I've added some secondary colors orange, green, and purple, merely for convenience, so I can just grab them without mixing them every time I need them. And there's another change that I'd like to make to this palette to make it a lot easier for me to paint and come up with better results in my painting. And that is to make extra light mixtures and extra dark mixtures. Let me explain why we need that. Here's a great scale, or you could say it's a tonal scale, it's in 10 steps, we could say that one is white, and 10 is black. Number one is white, and number 10 is black.
And it goes all the way from white to black with all the grays in between. Now it's I think it's important to be able to translate color into tone, because when you make a painting, sometimes if it's all the same tone, if it's all a gray, in turn, but you still have red, blue, and green, they can all be transformed into a tone. So if we took all of the tubes of color that we have, let's start with yellow. I'll just take a yellow red and a blue color right out of the tube is pretty strong right away. Yellow. Some people think that that's a number one, but it's not if we look, yellow is really somewhere between a three and a four there.
Usually great, it's usually a four, this grayscale, so a little darker. And as soon as we get to all the other colors, trying to match them up with what I think that their tone would be, if you took a color your color palette and took a photograph of it and put it in your computer and ran it in Photoshop or whatever software you have, often they give you the option to change it into a grayscale or tonal scale. If you do that you might be surprised to see if you have a full range of values. full range of values isn't always important in every painting, but it's good to be able to evaluate your painting based on grayscale and tone. All I wanted to say is that this palette is really worked into the dark area of this tonal scale. We have white over here and almost all the other colors are going to fall in this darker range.

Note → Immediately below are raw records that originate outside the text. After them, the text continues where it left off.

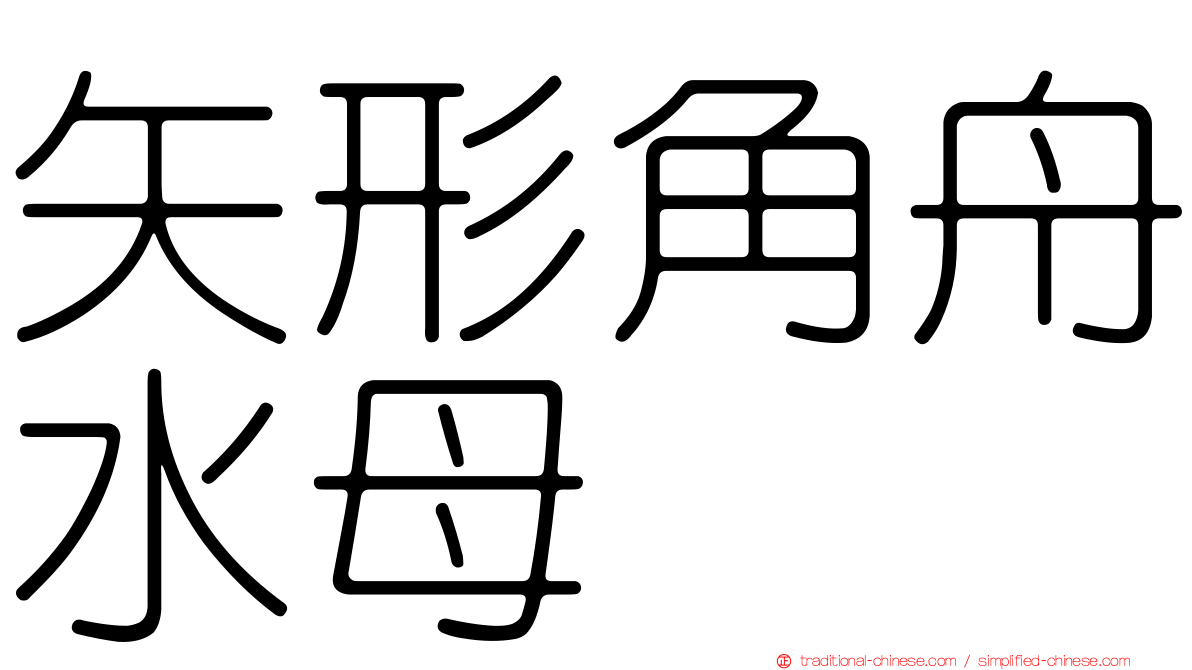 矢形角舟水母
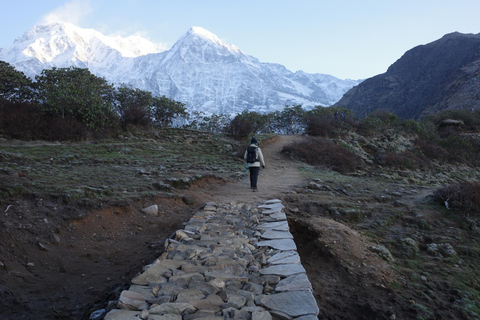 Från Katmandu: 8-dagars Mardi Himal Trek med transfer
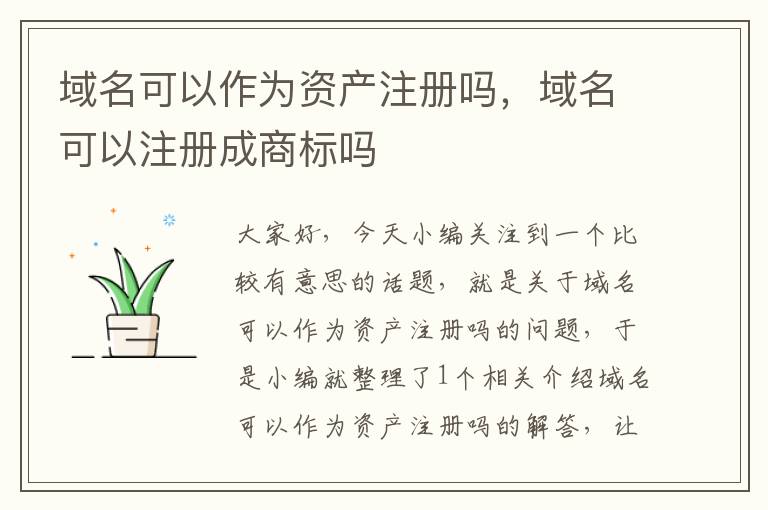 域名可以作为资产注册吗,域名可以注册成商标吗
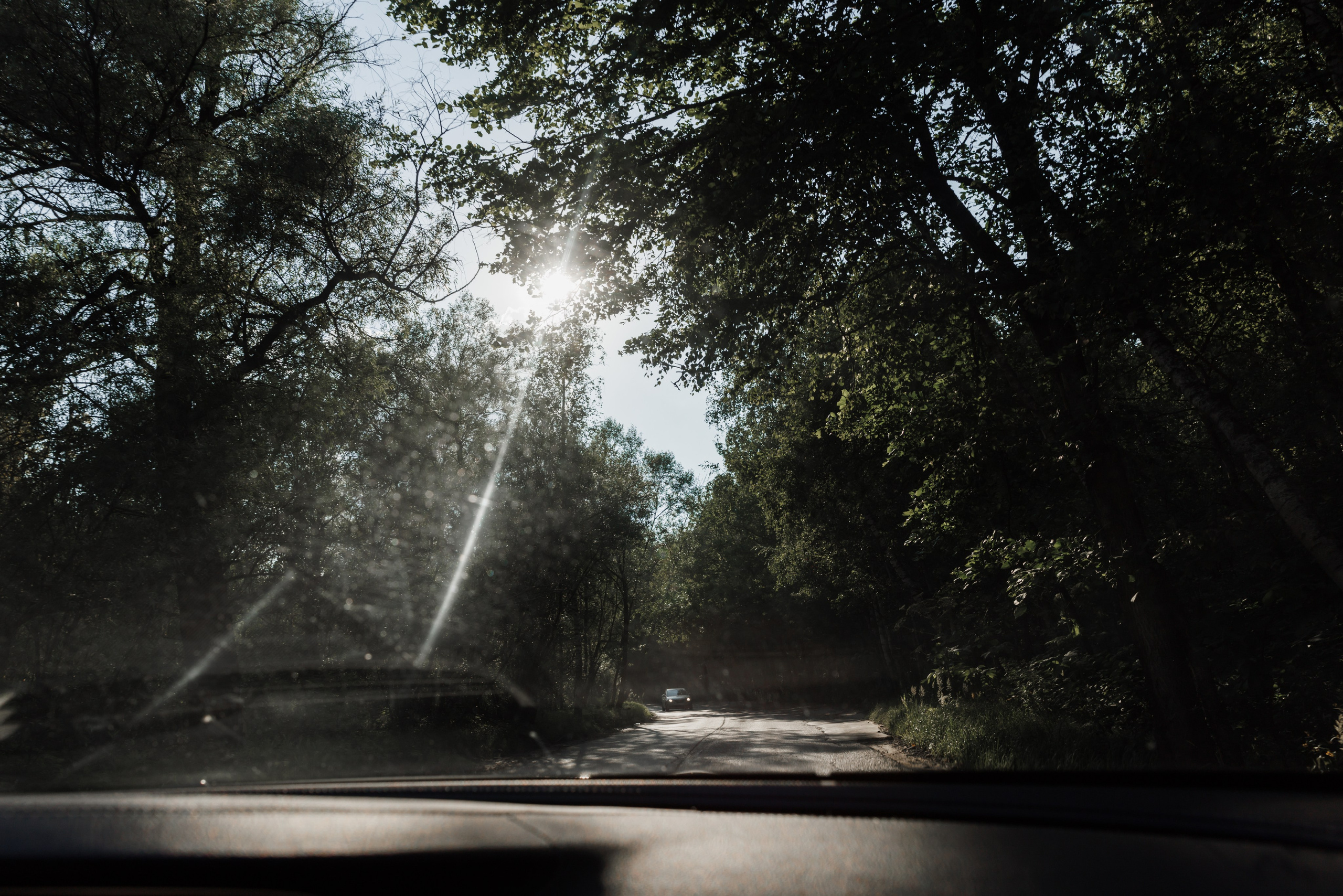 Андрей и Елизавета| Южное Бутово. Фотограф Москва Шептаев Артём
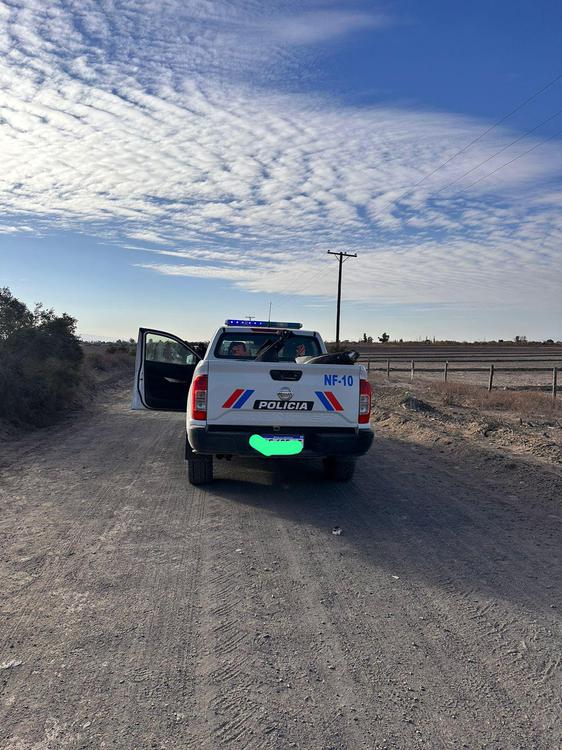 WhatsApp Image 2024-07-11 at 18.52.43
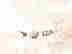 item-128094023=2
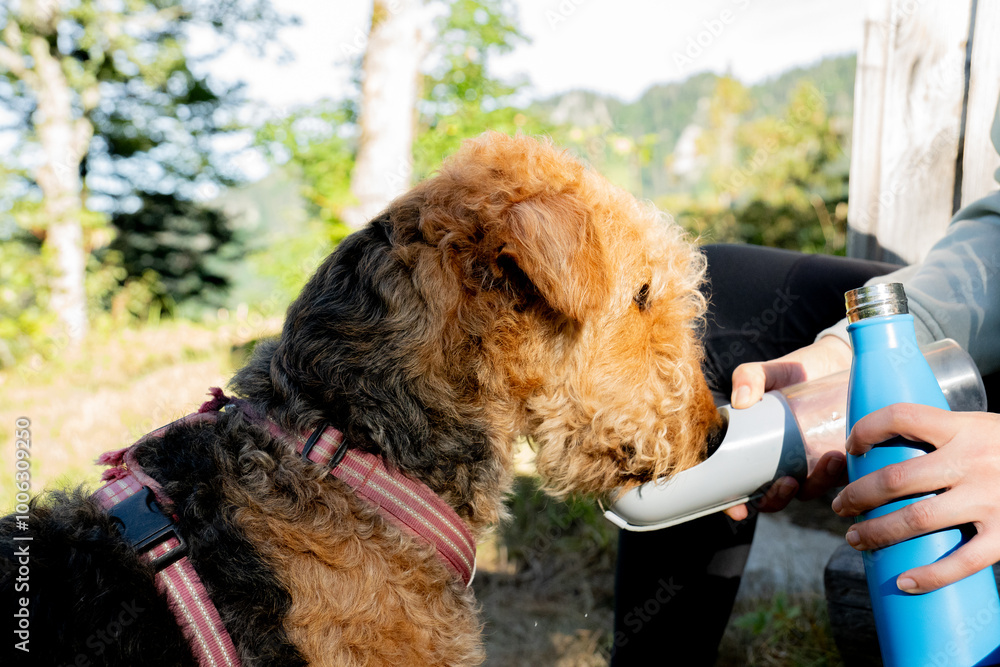 Airedale Terrier drinking from a bottle in the Swiss Alps Airedale Terrier drinking from a bottle in the Swiss Alps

So What happens often with paintings is that all the light values aren't either white out of the tube or a yellow. And I think that the more nuanced subtle light values you have in on your palette, you will also get in your painting. And you'll have to do that by pre mixing, or you don't have to, but it's a better way to do it. In other words, I want to say that the way you set up your palette is going to foreshadow how your painting is going to look. If you don't have a certain color in your palette, it's not going to end up in your painting. So if you don't have light values, and actually a variation of dark values to on your palette, you're going to end up with kind of a, your painting is going to have a tonal value that's kind of warped into a darker range.
So here's what I do for my enhanced full palette. This big jump between white and yellow. I don't want to have that happen in my painting. So I'll squeeze out three more whites and each one is going to get a small amount of red, yellow or blue. so small that it's not going to look like much difference. But in a painting, it'll really make a difference.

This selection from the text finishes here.